FIG. 1 shows an exemplary structure of an mmW-RAT network. As shown in FIG. 1, a cluster of Access Nodes (ANs) 104, 106 and 108 are connected to and controlled by a Central Control Unit (CCU) 102. A User Equipment (UE) 110 is served by the ANs 104 and 106 via radio links, Link #1 and Link #2, respectively. The CCU 102 coordinates resource allocations in the cluster of ANs.
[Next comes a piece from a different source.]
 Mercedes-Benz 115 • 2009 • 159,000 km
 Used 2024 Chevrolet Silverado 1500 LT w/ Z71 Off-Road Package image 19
One mmW-RAT carrier may consist of a number of sub-carriers. Each sub-carrier can have a certain bandwidth, e.g. 100 MHz, and the total carrier bandwidth can be up to 1 GHz or 2 GHz. FIG. 2 illustrates an exemplary template frame containing 4 sub-carriers. In FIG. 2, the smallest resource grid in time and frequency is referred to as a resource element (RE) or an Atomic Scheduling Unit (ASU). As an example, the hatched REs in FIG. 2 can be allocated to Link #1. Among the hatched REs, those labeled as “D” are dedicated resources and those labeled as “S” are shared resources. Link #1 has the highest priority to access the dedicated resources and any neighboring link (e.g., Link #2) shall avoid interference to Link #1 over these resources. Accordingly, Link #1 can achieve a high reliability over the dedicated resources. On the other hand, the shared resources, as the name suggests, can be shared by more than one link (e.g., Link #1 and Link #2) simultaneously. Hence, the use of the shared resources by Link #2 may cause interference to Link #1 which is also using these resources. The shared resources provide for an increased link throughput, but have a lower reliability. Operations at Medium Access Control (MAC) layer can be performed based on the above resource allocation, which can be scheduled by the CCU 102 in accordance with e.g., interference levels measured in the cluster and data rates over the respective links.
In wireless communications, various feedback signals are required at different layers for various purposes. For example, at the MAC layer, an Acknowledgement (ACK) or Negative Acknowledgement (NACK) signal can be provided as a feedback signal for a data transmission, such that the sender of the data transmission can determine whether to resend the data transmission or not. In Long Term Evolution (LTE) for example, resources for ACK/NACK signals are allocated in a fixed, predefined manner. That is, for a data transmitted in a subframe having an index n, an ACK/NACK feedback signal is automatically scheduled to be transmitted in a subframe having an index n+k, where k is a fixed, predefined number for n. Such resource allocation is static and may not be suitable for the mmw-RAT network.
There is thus a need for an improved solution for resource allocation for feedback signals.